Alang (Automata Language)
Alang is a formal language for defining finite-state automata using human-readable regular expressions. It supports many operations, such as union, intersection, complement and set difference, enabling expressions like "(a (b | c)* - (b b))?". Alang's syntax is defined by the Alang Grammar which is an LL(1) context-free grammar. The Alang parser is optimized for fast parsing of very large inputs. The parser validates syntactic correctness and generates detailed error messages for invalid inputs.
Alang Grammar Specification
Rule | Expansion |
---|---|
AlangExpr (root) | Union |
🔹Union | Difference ('|' Difference)* |
🔹Difference | Intersection ('-' Intersection)* |
🔹Intersection | Concatenation ('&' Concatenation)* |
🔹Concatenation | UnaryExpr+ |
UnaryExpr | PrimaryExpr (Option ┃ KleeneStar ┃ KleenePlus ┃ Complement)* |
🔹Option | PrimaryExpr '?' |
🔹KleeneStar | PrimaryExpr '*' |
🔹KleenePlus | PrimaryExpr '+' |
🔹Complement | Primary '~' |
PrimaryExpr | '(' AlangExpr ')' ┃ Atom ┃ Wildcard ┃ EmptySet |
🔹Atom | AtomChar+ |
🔹Wildcard | '.' |
🔹EmptySet | '(' ')' |
AtomChar | any character except operator characters and whitespace |
🔹 Denotes a node-type that can be included in the resulting parse tree.
The root rule AlangExpr must cover the entire input, with no residue.
Operators Ordered by Precedence (Lowest-to-Highest)
Precedence | Operation | Operator Character | Position & Arity |
---|---|---|---|
1 | Union | x | x | Infix Binary |
2 | Difference | x - x | Infix Binary |
3 | Intersection | x & x | Infix Binary |
4 | Concatenation | x x | Infix Implicit |
5 | Option | x? | Postfix Unary |
5 | Kleene Star | x* | Postfix Unary |
5 | Kleene Plus | x+ | Postfix Unary |
5 | Complement | x~ | Postfix Unary |
6 | Group | ( x ) | Enclosing Unary |
7 | Empty set | () | Empty parentheses |
7 | Wildcard | . | Atomic leaf |
7 | Atom | string literal | Atomic leaf |
Notes
- Operators with higher precedence levels bind more tightly than those with lower levels.
- Operators of the same precedence level are left-associative (left-to-right).
- Whitespace denotes any whitespace character (i.e. space, tab, newline, etc.)

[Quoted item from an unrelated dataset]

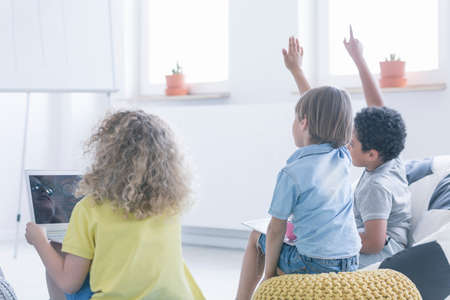 Girl uses laptop during modern coding classes in white classroom, modern school conceptの写真素材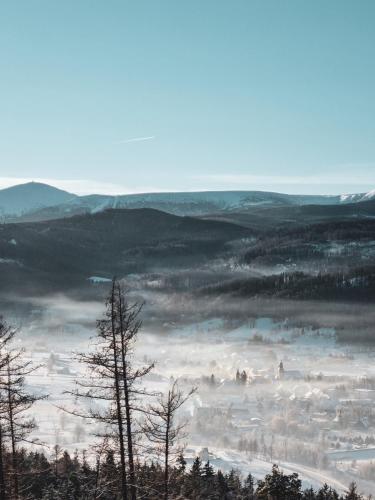 a view of a foggy valley with trees and buildings at Domek Drwala k. Karpacza in Sosnówka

- Atoms are user defined (alphabet symbols) and can contain any characters except for the operator characters and whitespace.
- Wildcard '.' matches exactly one “Atom” in the alphabet.
- Whitespace is allowed anywhere in the grammar, but it is never required unless to separate directly adjacent atoms.